TiVo Desktop Plus 2.8 will transfer high-definition MP4 files with AAC and DD5.1 audio to the TiVo as is, without any re-encoding or quality loss. TiVo Desktop transfers these MP4 files to the TiVo at 20+Mbps, twice the rate of MPG and TiVo files.

I've been using Yamb 2.1b2 to save MKV files with AAC and DD5.1 audio as MP4 files. To do that, you click the Creation -> Click to Create a MP4 file... menu, and select the MKV file.

Is there a way to bypass the remuxing of MKV to MP4 that still allows TiVo Desktop to transfer the MPEG-4 stream as is, at 25-30Mbps?
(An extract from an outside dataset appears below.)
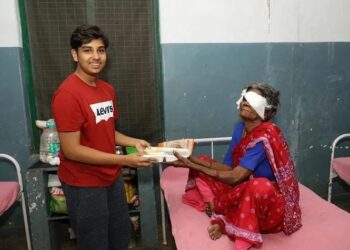 லாக்டவுனால் சீனியர் சிட்டிசன்களுக்கு உதவி!’ – அசத்தும் ஐ.பி.எஸ் அதிகாரியின் மகன்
In other words, is there a Windows configuration that allows TiVo Desktop 2.8 to demux the H264 and AAC/DD5.1 streams from a MKV file for transfer, without re-encoding into MPEG-2? I don't want to re-encode it to re-encode with MPEG-2, as causes quality loss and slows the transfer by 70+%.

_Notes for those installing Yamb: Choose custom setup in the Yamb installer and check mkvextract. If you get an error about a missing regex.dll, you can download that here and place it in the mkvextract subfolder in the Yamb installation directory. If using Windows 7, sure to install the Yamb program to a folder where you have permissions to write, such as a subfolder in your Users folder (ex: My Documents or Desktop). Do the same for the temp folder, defined in Yamb settings._


----------



## fyodor (Sep 19, 2006)

On an unrelated note, what are the bitrates for the MKV/MP4 files you've been transferring? I'm curious what is feasible.



bkdtv said:


> TiVo Desktop Plus 2.8 will transfer high-definition MP4 files with AAC and DD5.1 audio to the TiVo as is, without any re-encoding or quality loss. TiVo Desktop transfers these MP4 files to the TiVo at 20+Mbps, twice the rate of MPG and TiVo files.
> 
> I've been using Yamb 2.1b2 to save MKV files with AAC and DD5.1 audio as MP4 files. To do that, you click the Creation -> Click to Create a MP4 file... menu, and select the MKV file.
> 
> ...


----------